Copy out each line below verbatim, skipping any picture.

Data provided »
/---
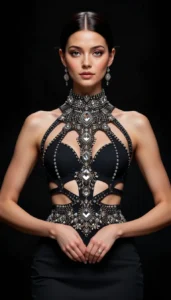 Sleeveless Blouse Design 85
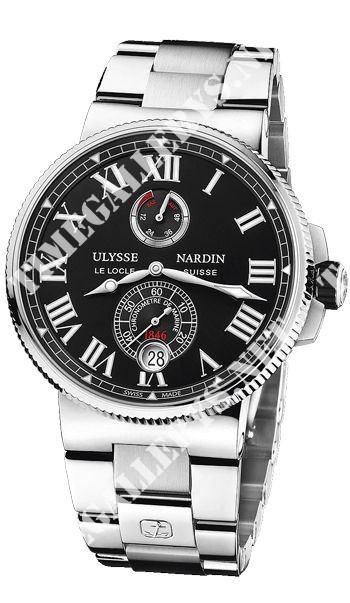 Ulysse Nardin Marine Chronometer Marine Chronometer Manufacture 45mm  1183-122-7M/42 V2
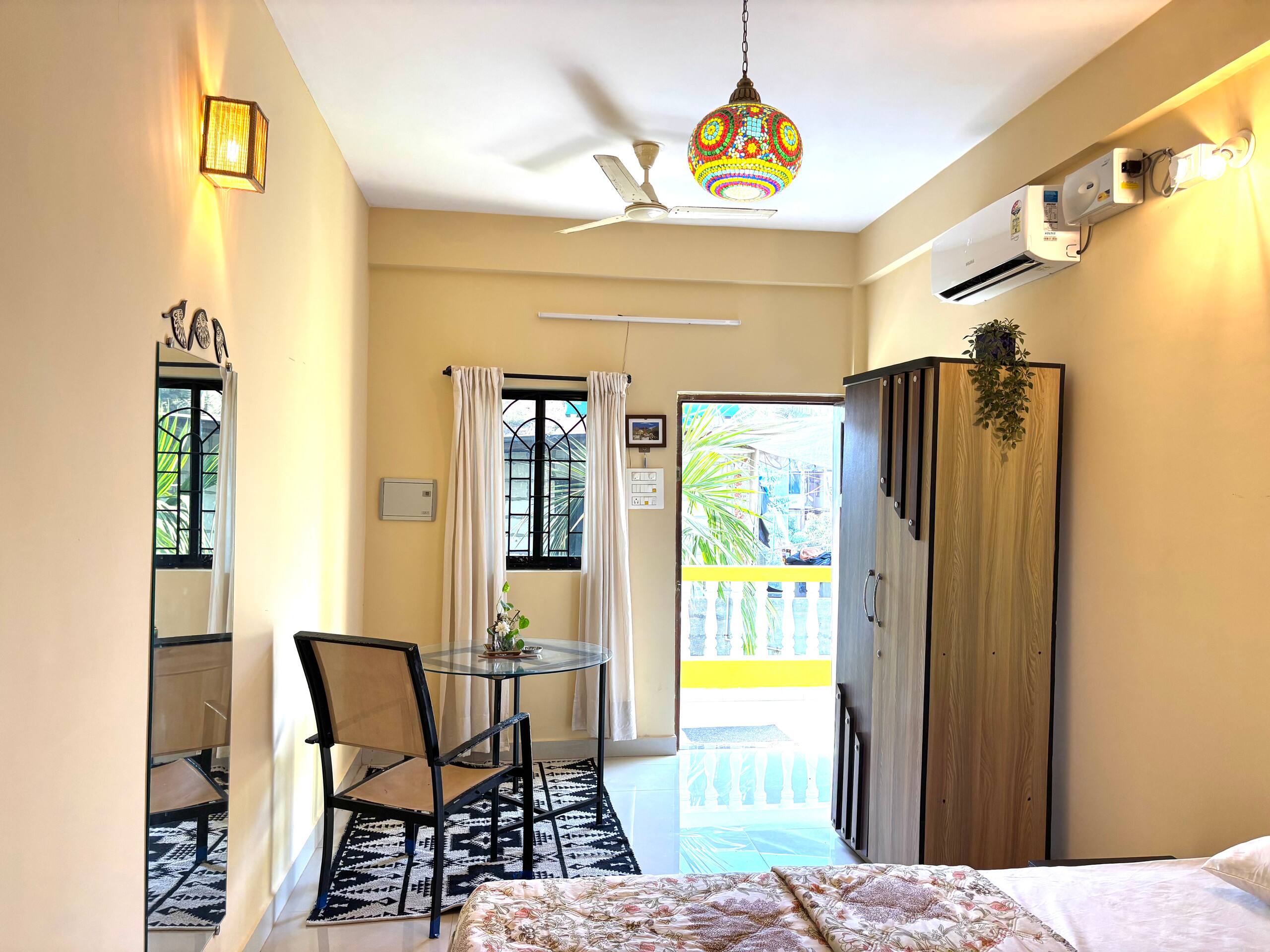 Coco • A/C Apartment w/ Balcony | Monthly Deals 13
\---
Exercise response »
 Sleeveless Blouse Design 85
 Ulysse Nardin Marine Chronometer Marine Chronometer Manufacture 45mm  1183-122-7M/42 V2
 Coco • A/C Apartment w/ Balcony | Monthly Deals 13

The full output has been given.